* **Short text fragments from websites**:
###

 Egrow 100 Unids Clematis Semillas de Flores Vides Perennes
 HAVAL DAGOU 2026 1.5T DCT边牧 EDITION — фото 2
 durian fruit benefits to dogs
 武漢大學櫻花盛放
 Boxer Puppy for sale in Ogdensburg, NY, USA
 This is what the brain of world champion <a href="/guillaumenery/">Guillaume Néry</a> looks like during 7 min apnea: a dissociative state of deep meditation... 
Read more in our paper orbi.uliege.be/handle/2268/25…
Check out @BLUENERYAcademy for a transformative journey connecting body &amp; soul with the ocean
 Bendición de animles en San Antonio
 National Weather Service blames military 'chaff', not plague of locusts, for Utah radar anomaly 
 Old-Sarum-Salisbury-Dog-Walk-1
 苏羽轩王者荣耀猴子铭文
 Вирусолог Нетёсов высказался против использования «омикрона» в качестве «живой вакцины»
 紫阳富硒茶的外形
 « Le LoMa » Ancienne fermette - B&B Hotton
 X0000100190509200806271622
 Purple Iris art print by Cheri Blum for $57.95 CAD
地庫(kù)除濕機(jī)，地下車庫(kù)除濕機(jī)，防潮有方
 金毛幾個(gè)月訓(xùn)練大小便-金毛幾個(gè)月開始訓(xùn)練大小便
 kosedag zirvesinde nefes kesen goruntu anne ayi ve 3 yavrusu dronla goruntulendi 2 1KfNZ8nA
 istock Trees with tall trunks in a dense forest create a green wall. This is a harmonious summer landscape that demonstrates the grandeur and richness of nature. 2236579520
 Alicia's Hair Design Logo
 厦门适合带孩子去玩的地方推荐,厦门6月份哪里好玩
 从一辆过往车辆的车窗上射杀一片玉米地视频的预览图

###

Give back, exactly and with nothing added, the lines from the line containing "This is what" through the final line of the records above, both of them included.

* **Solution**:
 This is what the brain of world champion <a href="/guillaumenery/">Guillaume Néry</a> looks like during 7 min apnea: a dissociative state of deep meditation... 
Read more in our paper orbi.uliege.be/handle/2268/25…
Check out @BLUENERYAcademy for a transformative journey connecting body &amp; soul with the ocean
 Bendición de animles en San Antonio
 National Weather Service blames military 'chaff', not plague of locusts, for Utah radar anomaly 
 Old-Sarum-Salisbury-Dog-Walk-1
 苏羽轩王者荣耀猴子铭文
 Вирусолог Нетёсов высказался против использования «омикрона» в качестве «живой вакцины»
 紫阳富硒茶的外形
 « Le LoMa » Ancienne fermette - B&B Hotton
 X0000100190509200806271622
 Purple Iris art print by Cheri Blum for $57.95 CAD
地庫(kù)除濕機(jī)，地下車庫(kù)除濕機(jī)，防潮有方
 金毛幾個(gè)月訓(xùn)練大小便-金毛幾個(gè)月開始訓(xùn)練大小便
 kosedag zirvesinde nefes kesen goruntu anne ayi ve 3 yavrusu dronla goruntulendi 2 1KfNZ8nA
 istock Trees with tall trunks in a dense forest create a green wall. This is a harmonious summer landscape that demonstrates the grandeur and richness of nature. 2236579520
 Alicia's Hair Design Logo
 厦门适合带孩子去玩的地方推荐,厦门6月份哪里好玩
 从一辆过往车辆的车窗上射杀一片玉米地视频的预览图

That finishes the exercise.